San Antonio Abad, 17 de enero

Padre de los monjes cristianos, copatrono de los animales

San Antonio Abad
San Antonio Abad © Biografías y vidas

Es uno de los santos más populares, al menos en España, por cuanto este día existe la tradición de llevar a los animales a las iglesias para ser bendecidos. Su biógrafo fue san Atanasio. Antonio nació en el Alto Egipto hacia el año 251, y siendo joven quedó conmovido por el pasaje evangélico del joven rico que escuchó en una iglesia. Entregó su patrimonio a los pobres (pertenecía a una familia pudiente) y emprendió una vida de severo ascetismo. Durante un tiempo su “lecho” fue un sepulcro vacío, y después las ruinas de una fortaleza militar que se hallaba en ruinas en el desierto de Nitria hasta que se afincó en un promontorio cerca del Mar Rojo morando en una humilde choza que se construyó él mismo.

Muchos jóvenes de su tiempo conmovidos por esta vida de silencio, oración y penitencia, acudían allí para materializar sus sueños de perfección en el yermo. Se había convertido en el punto de referencia para los que llevaban una vida de oración compartida a ratos comunitariamente y otras en la soledad de las oquedades que convirtieron en sus moradas. Veinte años permaneció Antonio haciendo frente a las tentaciones que querían atentar contra su castidad. La violencia de las mismas se aprecia en las palabras que dirigió a sus seguidores: “Terribles y pérfidos son nuestros adversarios. Sus multitudes llenan el espacio. Están siempre cerca de nosotros. Entre ellos existe una gran soledad. Dejando a los más sabios explicar su naturaleza, contentémonos con enterarnos de las astucias que usan en sus asaltos contra nosotros”.

La bibliografía sobre este santo ermitaño refleja las múltiples artimañas de toda índole empleadas por el maligno para seducirle. Lo intentó todo con objeto de apresarlo entre sus pérfidas redes, acosándolo de una forma tremebunda. En una ocasión en la que el rugido de la horda brutal de fieras manipulada por Satanás hacía temblar todo en derredor de Antonio, una inmensa luz desterró instantáneamente las fieras que campeaban entre tinieblas, y del mismo modo que siglos más tarde le sucedería a santa Catalina de Siena, exclamó: “¿Dónde estabas, mi buen Jesús? ¿Dónde estabas? ¿Por qué no acudiste antes a curar mis heridas?”. La voz de lo alto replicó: “Contigo estaba, Antonio; asistía a tu generoso combate. No temas; estos monstruos no volverán a causarte el menor daño”. Pero prosiguieron atormentándole durante un tiempo con otras estrategias más sutiles, hasta que el acoso del inmundo diablo que prosiguió tras él no le causaba ni la más mínima turbación. Solía decir: “Los rezos y las lágrimas purifican hasta lo más impuro”; “Los más puros son los que con más frecuencia se ven acosados por las arteras mañas del demonio”.
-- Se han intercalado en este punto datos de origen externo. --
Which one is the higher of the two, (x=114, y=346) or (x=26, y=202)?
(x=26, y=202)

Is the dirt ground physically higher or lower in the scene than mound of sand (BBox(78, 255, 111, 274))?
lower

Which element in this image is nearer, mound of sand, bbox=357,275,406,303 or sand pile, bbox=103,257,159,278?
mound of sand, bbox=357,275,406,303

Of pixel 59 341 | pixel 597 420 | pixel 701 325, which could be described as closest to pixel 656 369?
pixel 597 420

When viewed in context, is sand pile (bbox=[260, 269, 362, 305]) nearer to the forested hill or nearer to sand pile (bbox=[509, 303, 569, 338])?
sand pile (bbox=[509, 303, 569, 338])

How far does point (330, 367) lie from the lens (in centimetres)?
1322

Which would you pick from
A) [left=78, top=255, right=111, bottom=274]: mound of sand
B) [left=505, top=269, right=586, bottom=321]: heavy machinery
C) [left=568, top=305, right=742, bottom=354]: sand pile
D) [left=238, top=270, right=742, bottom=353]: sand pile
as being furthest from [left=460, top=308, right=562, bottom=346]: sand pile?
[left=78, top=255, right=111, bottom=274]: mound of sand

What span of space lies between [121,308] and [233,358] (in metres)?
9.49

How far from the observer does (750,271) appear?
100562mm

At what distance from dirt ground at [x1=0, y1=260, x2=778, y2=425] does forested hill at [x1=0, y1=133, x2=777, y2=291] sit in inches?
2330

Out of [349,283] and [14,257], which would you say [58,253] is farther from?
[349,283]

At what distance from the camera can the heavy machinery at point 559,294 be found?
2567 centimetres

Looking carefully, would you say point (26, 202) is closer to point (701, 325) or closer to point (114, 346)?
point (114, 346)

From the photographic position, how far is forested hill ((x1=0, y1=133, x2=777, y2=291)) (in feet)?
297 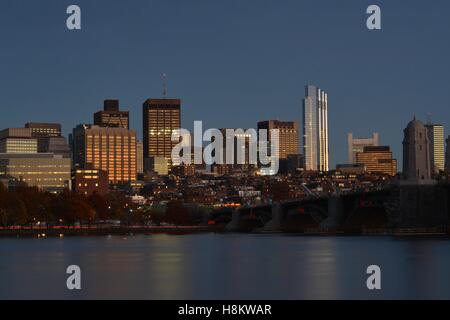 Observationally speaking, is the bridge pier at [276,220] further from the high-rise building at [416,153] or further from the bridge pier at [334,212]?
the high-rise building at [416,153]

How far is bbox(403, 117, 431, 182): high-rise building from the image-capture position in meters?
127

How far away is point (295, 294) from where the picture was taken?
188ft

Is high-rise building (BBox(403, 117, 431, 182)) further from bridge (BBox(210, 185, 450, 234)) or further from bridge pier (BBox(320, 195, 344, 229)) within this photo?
bridge pier (BBox(320, 195, 344, 229))

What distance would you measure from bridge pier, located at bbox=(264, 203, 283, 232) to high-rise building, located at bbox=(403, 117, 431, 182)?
2207 inches

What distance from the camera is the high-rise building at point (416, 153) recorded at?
126688mm

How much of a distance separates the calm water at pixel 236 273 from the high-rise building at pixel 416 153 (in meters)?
22.5

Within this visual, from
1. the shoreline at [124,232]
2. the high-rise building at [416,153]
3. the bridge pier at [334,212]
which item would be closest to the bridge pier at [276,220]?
the shoreline at [124,232]

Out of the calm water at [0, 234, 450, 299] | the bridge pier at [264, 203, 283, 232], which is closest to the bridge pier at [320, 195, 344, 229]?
the bridge pier at [264, 203, 283, 232]

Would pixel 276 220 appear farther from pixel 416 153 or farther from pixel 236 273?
pixel 236 273

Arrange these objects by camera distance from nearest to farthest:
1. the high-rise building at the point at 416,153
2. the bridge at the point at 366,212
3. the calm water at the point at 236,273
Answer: the calm water at the point at 236,273 → the bridge at the point at 366,212 → the high-rise building at the point at 416,153

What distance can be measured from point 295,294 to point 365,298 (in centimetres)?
449

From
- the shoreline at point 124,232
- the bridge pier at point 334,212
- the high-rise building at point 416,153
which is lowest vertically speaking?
the shoreline at point 124,232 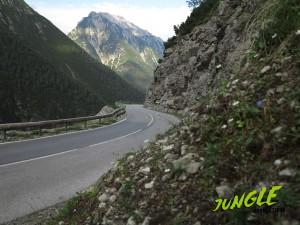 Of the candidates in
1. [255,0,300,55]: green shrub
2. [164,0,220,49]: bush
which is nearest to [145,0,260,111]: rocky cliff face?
[164,0,220,49]: bush

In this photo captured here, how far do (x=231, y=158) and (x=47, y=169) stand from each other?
765 centimetres

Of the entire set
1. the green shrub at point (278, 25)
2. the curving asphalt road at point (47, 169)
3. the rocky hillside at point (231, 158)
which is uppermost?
the green shrub at point (278, 25)

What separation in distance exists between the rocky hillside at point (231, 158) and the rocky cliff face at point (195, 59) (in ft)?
60.8

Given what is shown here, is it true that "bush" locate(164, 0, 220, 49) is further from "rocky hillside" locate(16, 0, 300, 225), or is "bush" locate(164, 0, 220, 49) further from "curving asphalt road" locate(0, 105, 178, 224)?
"rocky hillside" locate(16, 0, 300, 225)

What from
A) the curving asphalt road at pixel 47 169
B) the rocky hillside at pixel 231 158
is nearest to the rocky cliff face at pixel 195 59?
the curving asphalt road at pixel 47 169

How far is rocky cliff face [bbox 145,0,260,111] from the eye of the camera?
26969 mm

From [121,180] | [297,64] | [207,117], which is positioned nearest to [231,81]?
[207,117]

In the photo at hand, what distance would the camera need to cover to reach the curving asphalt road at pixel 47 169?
7.30 m

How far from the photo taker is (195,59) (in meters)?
38.7

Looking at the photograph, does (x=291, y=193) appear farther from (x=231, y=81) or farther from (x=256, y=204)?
(x=231, y=81)

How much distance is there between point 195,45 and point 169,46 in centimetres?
1475

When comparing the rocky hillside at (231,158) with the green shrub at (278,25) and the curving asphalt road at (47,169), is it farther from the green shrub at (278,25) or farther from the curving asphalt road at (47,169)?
the curving asphalt road at (47,169)

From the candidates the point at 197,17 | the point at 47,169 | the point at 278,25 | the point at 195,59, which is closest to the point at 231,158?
the point at 278,25

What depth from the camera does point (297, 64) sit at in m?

El denominado “padre de los monjes”, de vez en cuando abandonaba el desierto y misionaba en Alejandría combatiendo el arrianismo. Su máxima fue: “esforcémonos en no poseer nada que no nos podamos llevar a la tumba, es decir, la caridad, la dulzura y la justicia. Toda prueba nos es favorable. Si no hay tentaciones no se salva nadie”. Para todos los que se acercaban a él, que fueron multitudes, tenía un sabio consejo: “Nada es tan vano como la desesperación. Llorad, que las lágrimas lavan el alma; llorad sin descanso, hasta que la losa de plomo que pesa sobre vosotros se derrita con el calor de vuestras lágrimas”, decía a los que se hallaban al borde del desánimo, sopesando su fragilidad espiritual. Un día del año 356, siendo de avanzadísima edad, parece que superó con creces los cien años, sintió que su vida se apagaba. Y dio las últimas indicaciones a sus discípulos. Les dejó su cilicio, el único objeto material que poseía, y entregó su alma a Dios. San Atanasio conservó su túnica. Antonio fue canonizado el año 491.